> Prompt:
Only an exact copy is wanted: the lines from the one holding "Mira Home Double" through the last line below, minus the pictures.

─── The data

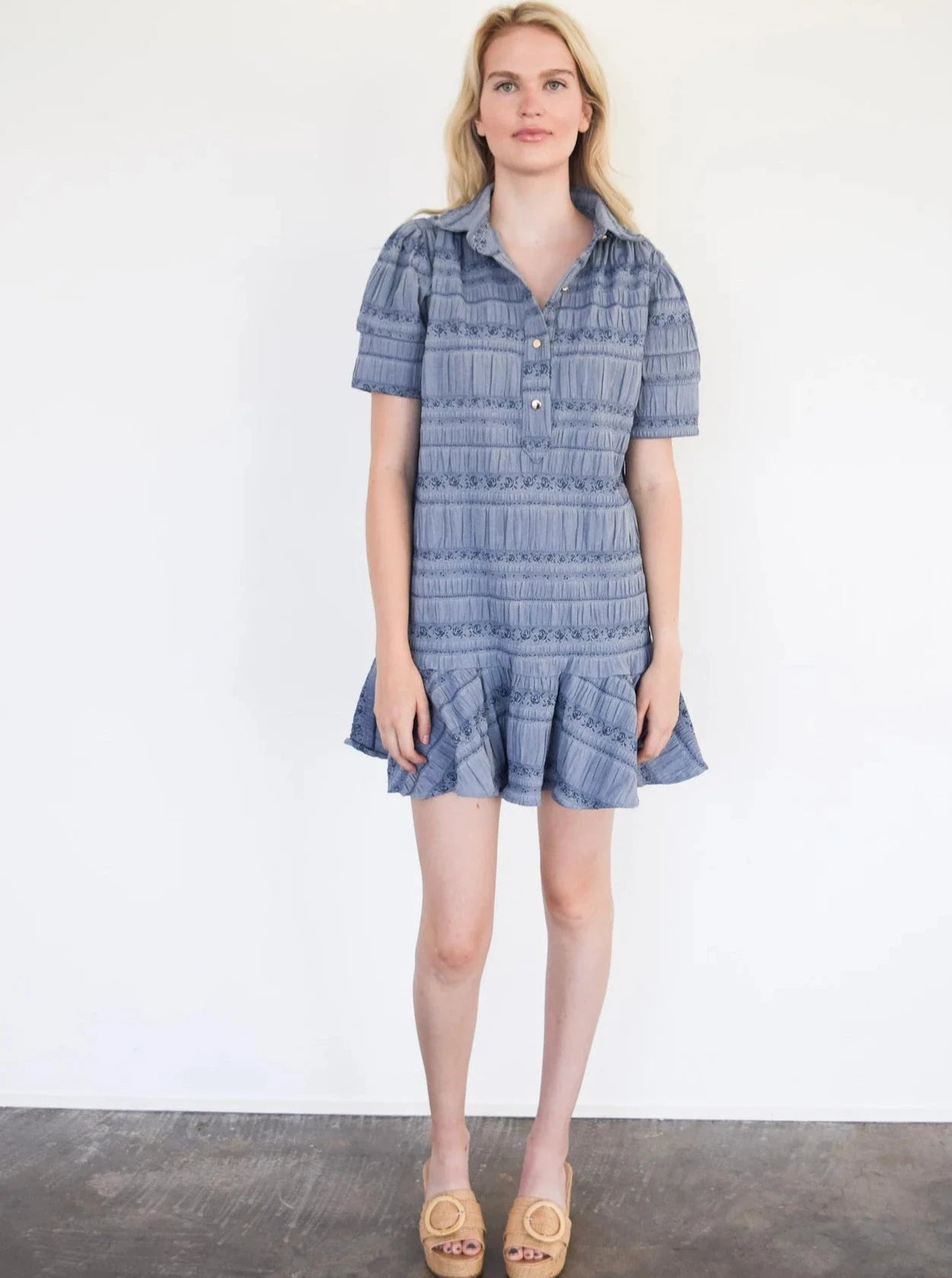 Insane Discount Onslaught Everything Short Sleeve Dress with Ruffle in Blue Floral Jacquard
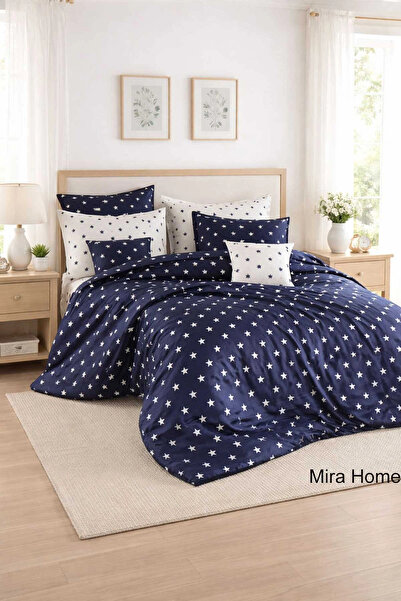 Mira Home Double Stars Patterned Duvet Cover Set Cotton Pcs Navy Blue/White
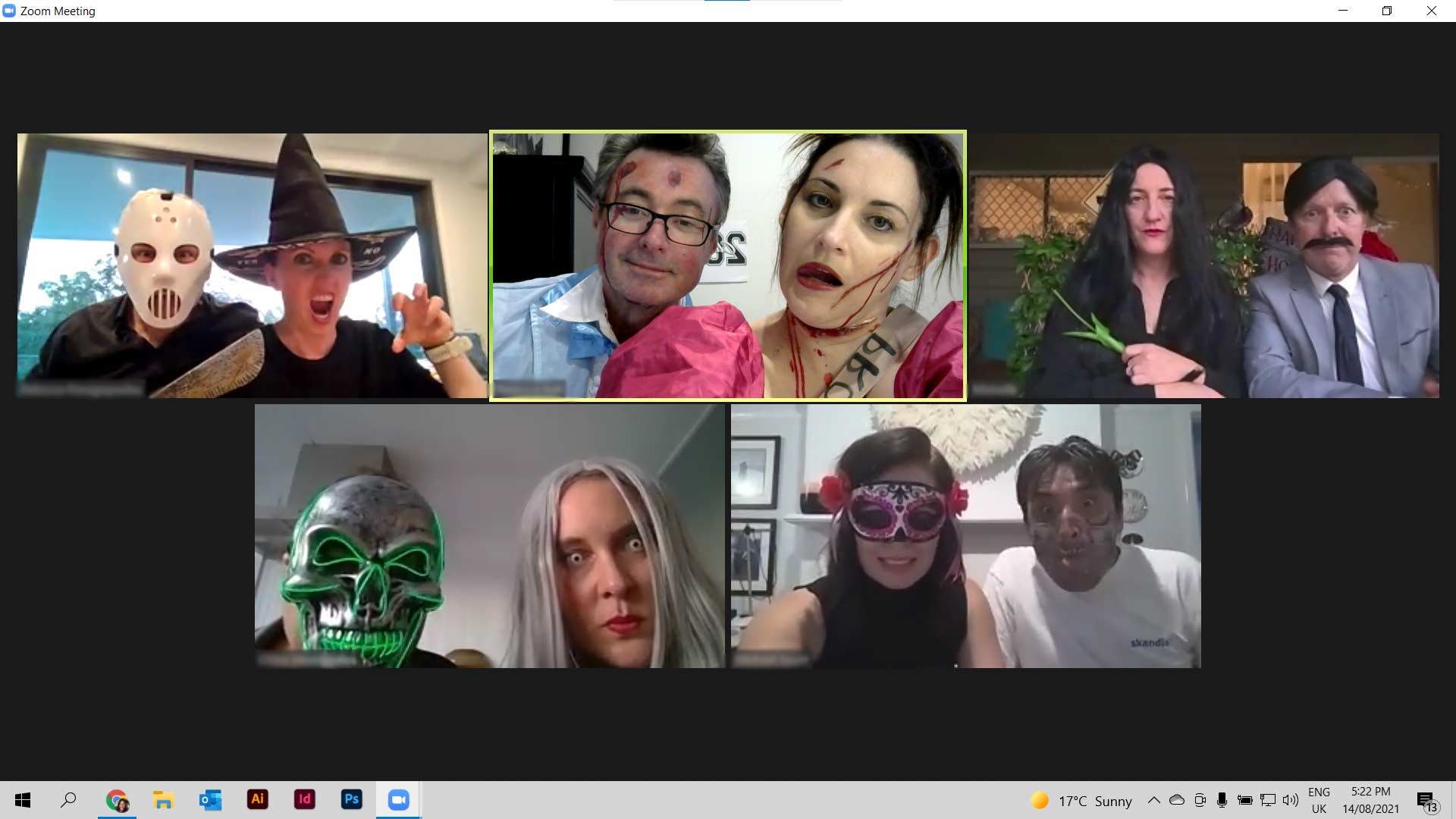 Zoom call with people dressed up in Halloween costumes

──────

> Solution to this task:
 Mira Home Double Stars Patterned Duvet Cover Set Cotton Pcs Navy Blue/White
 Zoom call with people dressed up in Halloween costumes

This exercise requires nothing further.